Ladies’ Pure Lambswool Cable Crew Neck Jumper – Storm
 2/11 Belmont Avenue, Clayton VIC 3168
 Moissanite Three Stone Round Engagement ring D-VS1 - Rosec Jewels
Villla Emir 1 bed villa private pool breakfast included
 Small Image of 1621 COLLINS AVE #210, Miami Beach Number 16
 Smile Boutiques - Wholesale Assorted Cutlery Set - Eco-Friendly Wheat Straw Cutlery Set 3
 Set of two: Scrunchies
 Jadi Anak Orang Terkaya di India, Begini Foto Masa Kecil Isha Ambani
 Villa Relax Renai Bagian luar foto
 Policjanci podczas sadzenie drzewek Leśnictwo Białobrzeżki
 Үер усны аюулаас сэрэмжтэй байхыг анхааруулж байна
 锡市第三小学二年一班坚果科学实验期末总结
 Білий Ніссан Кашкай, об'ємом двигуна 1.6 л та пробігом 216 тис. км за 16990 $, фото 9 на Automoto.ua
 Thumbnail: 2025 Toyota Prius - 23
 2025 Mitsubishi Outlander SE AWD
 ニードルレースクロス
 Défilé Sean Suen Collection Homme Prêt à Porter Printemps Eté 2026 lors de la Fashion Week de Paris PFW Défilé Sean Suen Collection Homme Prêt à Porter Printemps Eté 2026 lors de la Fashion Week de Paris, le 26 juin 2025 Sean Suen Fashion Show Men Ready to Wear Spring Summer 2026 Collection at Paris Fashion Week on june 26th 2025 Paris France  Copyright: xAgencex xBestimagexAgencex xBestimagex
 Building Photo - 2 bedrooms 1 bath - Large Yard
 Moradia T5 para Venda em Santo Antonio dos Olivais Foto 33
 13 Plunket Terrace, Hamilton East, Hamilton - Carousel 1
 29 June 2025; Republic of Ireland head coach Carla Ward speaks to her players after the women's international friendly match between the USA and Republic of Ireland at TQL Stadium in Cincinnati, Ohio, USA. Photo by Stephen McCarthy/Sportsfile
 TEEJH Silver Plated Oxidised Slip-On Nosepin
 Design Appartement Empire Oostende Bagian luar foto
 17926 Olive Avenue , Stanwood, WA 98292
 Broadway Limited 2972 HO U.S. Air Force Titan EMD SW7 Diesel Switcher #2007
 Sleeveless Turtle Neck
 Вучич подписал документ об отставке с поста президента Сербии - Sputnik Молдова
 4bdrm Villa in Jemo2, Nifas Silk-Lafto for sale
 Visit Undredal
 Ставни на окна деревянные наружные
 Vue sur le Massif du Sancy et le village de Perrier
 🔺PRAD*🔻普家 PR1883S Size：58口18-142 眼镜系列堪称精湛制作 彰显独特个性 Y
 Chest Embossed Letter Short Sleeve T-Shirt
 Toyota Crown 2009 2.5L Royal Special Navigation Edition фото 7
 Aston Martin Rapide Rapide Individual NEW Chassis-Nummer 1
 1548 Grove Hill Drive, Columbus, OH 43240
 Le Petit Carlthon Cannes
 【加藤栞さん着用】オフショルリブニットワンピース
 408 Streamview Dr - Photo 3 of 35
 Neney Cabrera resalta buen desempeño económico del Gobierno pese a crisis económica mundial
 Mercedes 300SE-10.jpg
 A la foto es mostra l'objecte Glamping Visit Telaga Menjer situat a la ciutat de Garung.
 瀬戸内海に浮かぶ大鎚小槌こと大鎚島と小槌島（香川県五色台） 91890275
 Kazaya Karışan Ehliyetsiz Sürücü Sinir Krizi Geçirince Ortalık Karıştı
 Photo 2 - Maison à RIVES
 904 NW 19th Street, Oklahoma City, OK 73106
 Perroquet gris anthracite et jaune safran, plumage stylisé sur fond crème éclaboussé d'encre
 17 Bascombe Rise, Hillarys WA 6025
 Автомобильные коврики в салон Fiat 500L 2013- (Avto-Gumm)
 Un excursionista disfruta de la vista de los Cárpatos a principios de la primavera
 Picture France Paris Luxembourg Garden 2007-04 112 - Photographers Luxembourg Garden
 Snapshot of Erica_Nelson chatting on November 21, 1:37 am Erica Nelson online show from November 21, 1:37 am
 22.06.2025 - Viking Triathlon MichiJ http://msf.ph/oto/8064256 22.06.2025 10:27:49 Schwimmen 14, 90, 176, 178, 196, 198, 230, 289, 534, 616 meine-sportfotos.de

------

=== WORK REQUIRED ===
The answer must be all of the entries, restated exactly.

=== RESULT OF THIS TASK ===
Ladies’ Pure Lambswool Cable Crew Neck Jumper – Storm
 2/11 Belmont Avenue, Clayton VIC 3168
 Moissanite Three Stone Round Engagement ring D-VS1 - Rosec Jewels
Villla Emir 1 bed villa private pool breakfast included
 Small Image of 1621 COLLINS AVE #210, Miami Beach Number 16
 Smile Boutiques - Wholesale Assorted Cutlery Set - Eco-Friendly Wheat Straw Cutlery Set 3
 Set of two: Scrunchies
 Jadi Anak Orang Terkaya di India, Begini Foto Masa Kecil Isha Ambani
 Villa Relax Renai Bagian luar foto
 Policjanci podczas sadzenie drzewek Leśnictwo Białobrzeżki
 Үер усны аюулаас сэрэмжтэй байхыг анхааруулж байна
 锡市第三小学二年一班坚果科学实验期末总结
 Білий Ніссан Кашкай, об'ємом двигуна 1.6 л та пробігом 216 тис. км за 16990 $, фото 9 на Automoto.ua
 Thumbnail: 2025 Toyota Prius - 23
 2025 Mitsubishi Outlander SE AWD
 ニードルレースクロス
 Défilé Sean Suen Collection Homme Prêt à Porter Printemps Eté 2026 lors de la Fashion Week de Paris PFW Défilé Sean Suen Collection Homme Prêt à Porter Printemps Eté 2026 lors de la Fashion Week de Paris, le 26 juin 2025 Sean Suen Fashion Show Men Ready to Wear Spring Summer 2026 Collection at Paris Fashion Week on june 26th 2025 Paris France  Copyright: xAgencex xBestimagexAgencex xBestimagex
 Building Photo - 2 bedrooms 1 bath - Large Yard
 Moradia T5 para Venda em Santo Antonio dos Olivais Foto 33
 13 Plunket Terrace, Hamilton East, Hamilton - Carousel 1
 29 June 2025; Republic of Ireland head coach Carla Ward speaks to her players after the women's international friendly match between the USA and Republic of Ireland at TQL Stadium in Cincinnati, Ohio, USA. Photo by Stephen McCarthy/Sportsfile
 TEEJH Silver Plated Oxidised Slip-On Nosepin
 Design Appartement Empire Oostende Bagian luar foto
 17926 Olive Avenue , Stanwood, WA 98292
 Broadway Limited 2972 HO U.S. Air Force Titan EMD SW7 Diesel Switcher #2007
 Sleeveless Turtle Neck
 Вучич подписал документ об отставке с поста президента Сербии - Sputnik Молдова
 4bdrm Villa in Jemo2, Nifas Silk-Lafto for sale
 Visit Undredal
 Ставни на окна деревянные наружные
 Vue sur le Massif du Sancy et le village de Perrier
 🔺PRAD*🔻普家 PR1883S Size：58口18-142 眼镜系列堪称精湛制作 彰显独特个性 Y
 Chest Embossed Letter Short Sleeve T-Shirt
 Toyota Crown 2009 2.5L Royal Special Navigation Edition фото 7
 Aston Martin Rapide Rapide Individual NEW Chassis-Nummer 1
 1548 Grove Hill Drive, Columbus, OH 43240
 Le Petit Carlthon Cannes
 【加藤栞さん着用】オフショルリブニットワンピース
 408 Streamview Dr - Photo 3 of 35
 Neney Cabrera resalta buen desempeño económico del Gobierno pese a crisis económica mundial
 Mercedes 300SE-10.jpg
 A la foto es mostra l'objecte Glamping Visit Telaga Menjer situat a la ciutat de Garung.
 瀬戸内海に浮かぶ大鎚小槌こと大鎚島と小槌島（香川県五色台） 91890275
 Kazaya Karışan Ehliyetsiz Sürücü Sinir Krizi Geçirince Ortalık Karıştı
 Photo 2 - Maison à RIVES
 904 NW 19th Street, Oklahoma City, OK 73106
 Perroquet gris anthracite et jaune safran, plumage stylisé sur fond crème éclaboussé d'encre
 17 Bascombe Rise, Hillarys WA 6025
 Автомобильные коврики в салон Fiat 500L 2013- (Avto-Gumm)
 Un excursionista disfruta de la vista de los Cárpatos a principios de la primavera
 Picture France Paris Luxembourg Garden 2007-04 112 - Photographers Luxembourg Garden
 Snapshot of Erica_Nelson chatting on November 21, 1:37 am Erica Nelson online show from November 21, 1:37 am
 22.06.2025 - Viking Triathlon MichiJ http://msf.ph/oto/8064256 22.06.2025 10:27:49 Schwimmen 14, 90, 176, 178, 196, 198, 230, 289, 534, 616 meine-sportfotos.de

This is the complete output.